Потом я слышала отголоски Сережиного романа с Гундаревой. Что-то между ними происходило, не все так просто складывалось. Она ради него ушла от мужа актера Виктора Корешкова, переживала, что не сложилось у них. Не знаю, что из этого было правдой. Вникать в эти подробности сил не было никаких.
Слава богу, рядом был папа, мой «психотерапевт». Не то бы, как киевская бабушка, не дай бог, траванулась от любви. В самые трудные моменты жизни я всегда шла к Деду. Сначала обсудить трагическую на тот момент ситуацию, а потом все оборжать.

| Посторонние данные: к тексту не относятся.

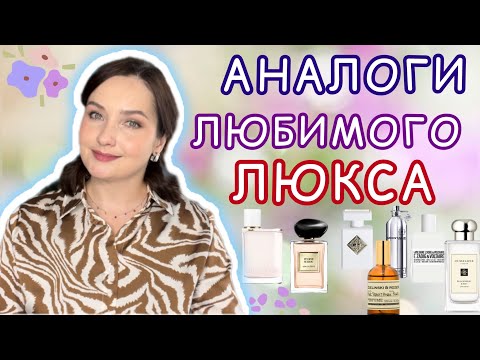 Видео: 🔥Аналоги ЛЮКСА и НИШИ за 950 р.🔥 Вся ПРАВДА про ENFES | Бюджетные ароматы| Я в шоке!!!💯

Мы взяли бутылку и просидели за ней на кухне всю ночь. Не поверите, но мы ржали как кони. Тут вроде плакать нужно, а мы хохочем как полоумные.
И меня после этого немного отпустило. Папа молодец — вывел меня из этой глупости. Да и некогда было страдать. Катька маленькая, плюс ко всему после ГИТИСа меня приняли в Театр на Таганке, всегда было чем заняться. Помню, в коридоре ко мне подошел Вениамин Смехов:
— Тут написано Дурова. А ты, случайно, не Левина дочка?
— Да, его.
— Ой, деточка, я знал тебя маленькой, а ты выросла в такую кобылу.
Побегала на сцене вначале в массовке, потом мне предложили роль Лизы Бричкиной в «А зори здесь тихие». Однажды Дед встретил на улице двух актрис «Таганки» и робко спросил:
— Ну как там Катька?
Они ему хором пропели:
— А ты приди и посмотри, как играть надо. Поучись!
Официально мы с Насибовым развелись через три года. Сережа просил не выписывать его из квартиры, для работы в театре ему нужна была московская прописка. Помню, что в день развода у меня был спектакль. Один молодой артист за мной ухаживал. Он решил мне посочувствовать — как-никак такое событие.
Наше свидание закончилось комически. Мы выпили на двоих четыре бутылки водки. Я его еле загрузила в такси, с трудом затолкала огромное бесчувственное тело на заднее сиденье. Потом спокойно села в автобус и поехала домой. Абсолютно трезвая. От нервов, видимо, была скручена как пружина.